Original article from Le Figaro written by Charles Jaigu

CHRONICLE – Geographer Fabrice Balanche offers a powerful analysis of the Syrian war. This excellent teacher of a confusing reality dismantles once and for all the faults of neoconservatism, including in its French version.

It’s the story of a young geography student who is doing his thesis in Besançon on the evolution of agricultural practices on the Syrian coast in the 1990s. He continued his studies, prepared his thesis, learned Arabic, and immersed himself in the local society of Latakia. He gradually discovers a country in danger of civil war between ethnic-religious communities with unbridled birth rates.  The total population has doubled every twenty years since 1946 (from 3.5 million to 21 million in 2011, Editor’s note), and the Syrian governments of Hafez el-Assad or his son Bashar never wanted to limit the birth rate “, he told us during our conversation in Paris – he now teaches at Lyon 2 University.

Two hundred inhabitants per square kilometre is too many.
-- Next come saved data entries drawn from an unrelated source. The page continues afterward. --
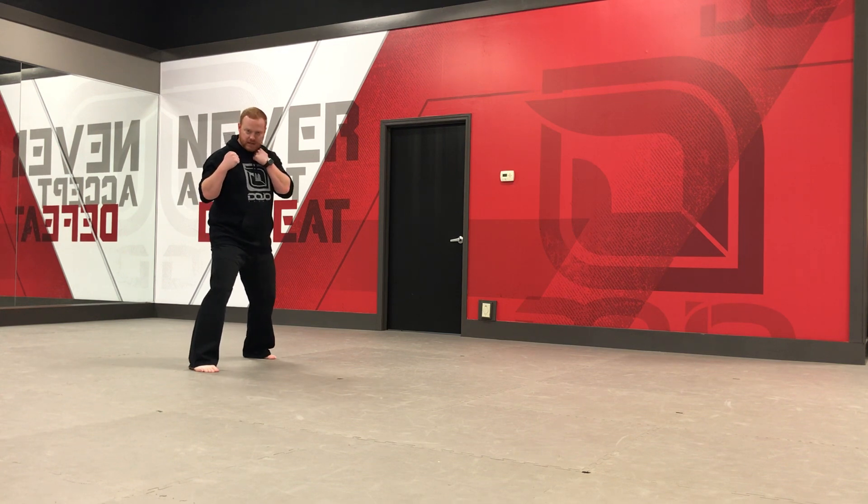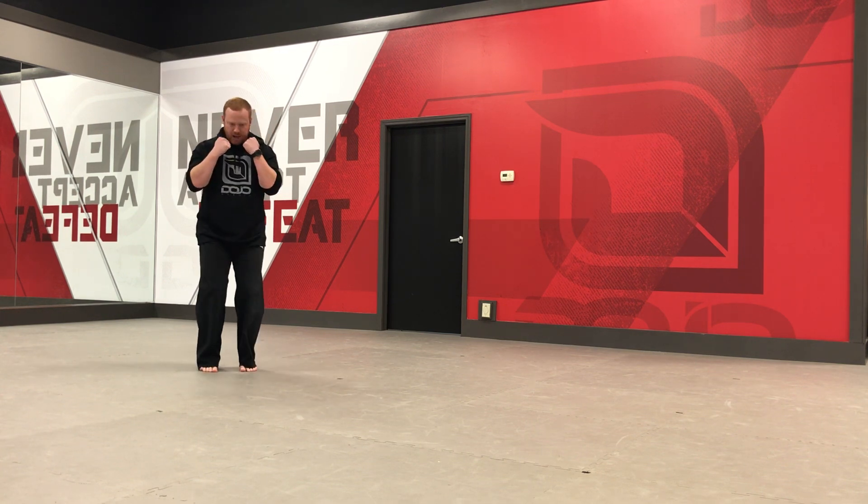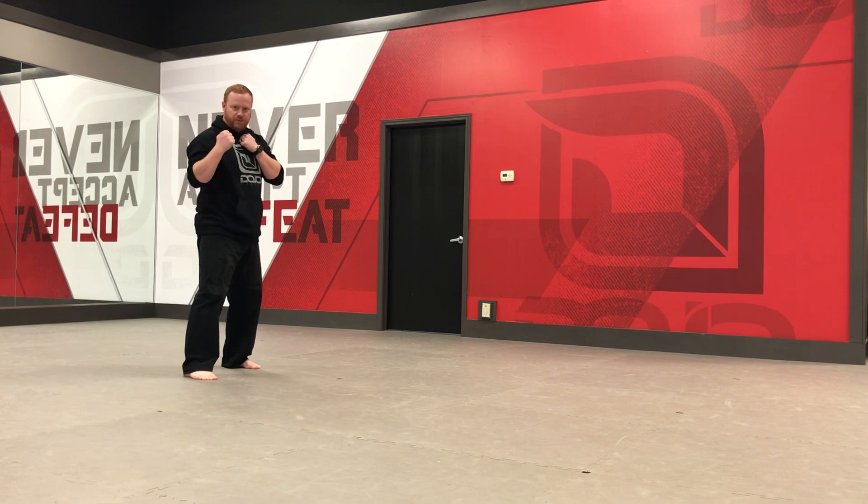Hands are up. I want you to practice this a couple times. Back leg steps up, and you're going to jump and bend your knee — you're not going to kick right away. You'll jump, knee comes up, and you'll land on your feet.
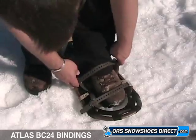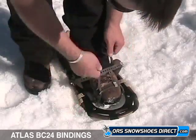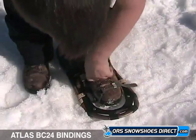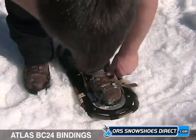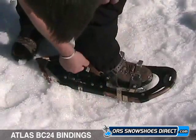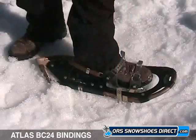Place the ball of your foot on the ball of foot circle on the footbed with the strap buckles to the inside. Align your foot straight on the snowshoe, thread the instep straps through the metal openings and loop back over the prongs to secure. Thread the heel strap through the metal opening and loop back over the prongs to secure, stowing excess strap in the strap clips.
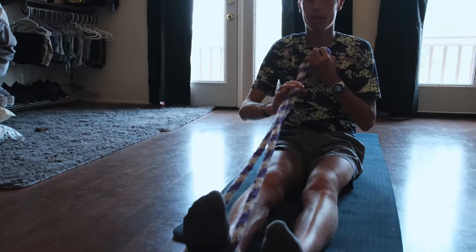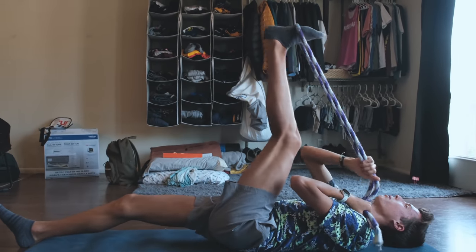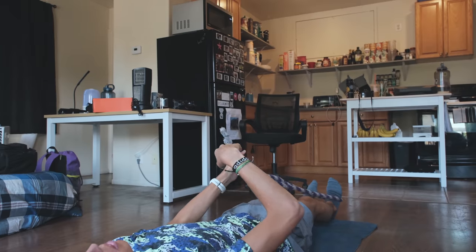Now this is starting the stretches with the rope. I wrap the rope around my foot and lift my leg up without using the rope, all the way until I can't lift it anymore. Then I give it a tug with the rope and do that eight times on each leg.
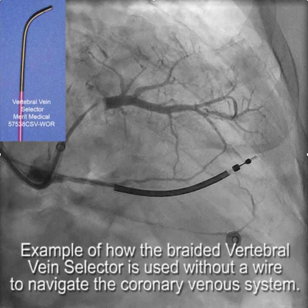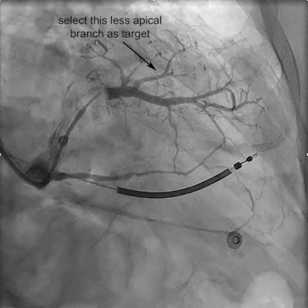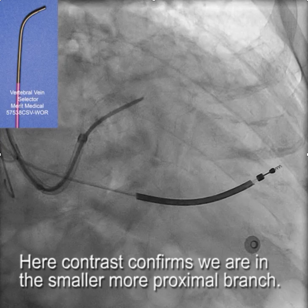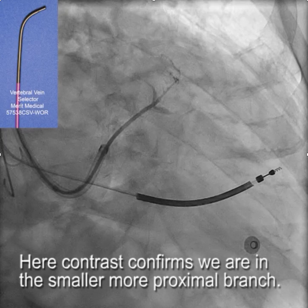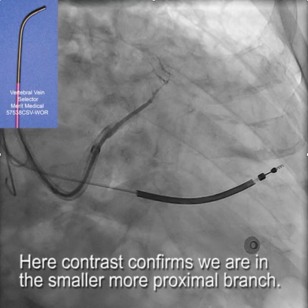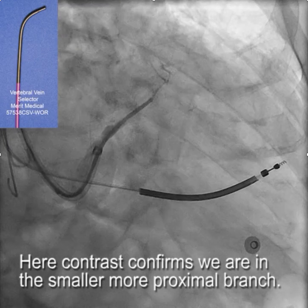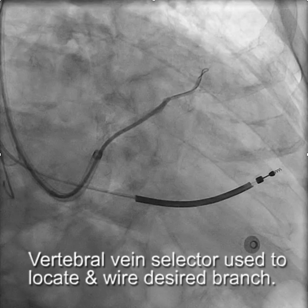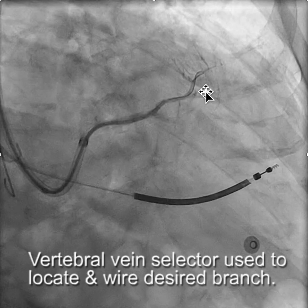This is the initial venogram. We selected this branch as mentioned, then put the vein selector in and drove it around looking for that branch. We got into a branch, injected contrast, and you can see this is not the branch we really wanted — it's one of the smaller, more proximal ones. So we drew it back, pushed it in again, puffed a little contrast, and found the larger branch.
The management of water reserves is catastrophic, against a backdrop of repeated droughts between 2005 and 2010.  Long before the civil war, Syria was on the brink of the precipice “, he noted at the time. It is useful to make the link here, as Balanche suggests, with Rwanda, also dangerously overpopulated before the genocide. In either case, the struggle for power between one group and another will result in genocide here, war there and, above all, forced exile.

Unfortunately in Paris no one listens to this Cassandra. The winds of the Arab Spring are reaching Syria, which we thought was under control. And very quickly, the violence of the repression by Assad’s troops outraged Westerners. The story of the exiles is impressive. We allow ourselves to be convinced that a democratic Syria is possible. The neoconservative belief is reborn from its ashes. However, since 2012, Daesh warriors are replacing the supporters of democracy.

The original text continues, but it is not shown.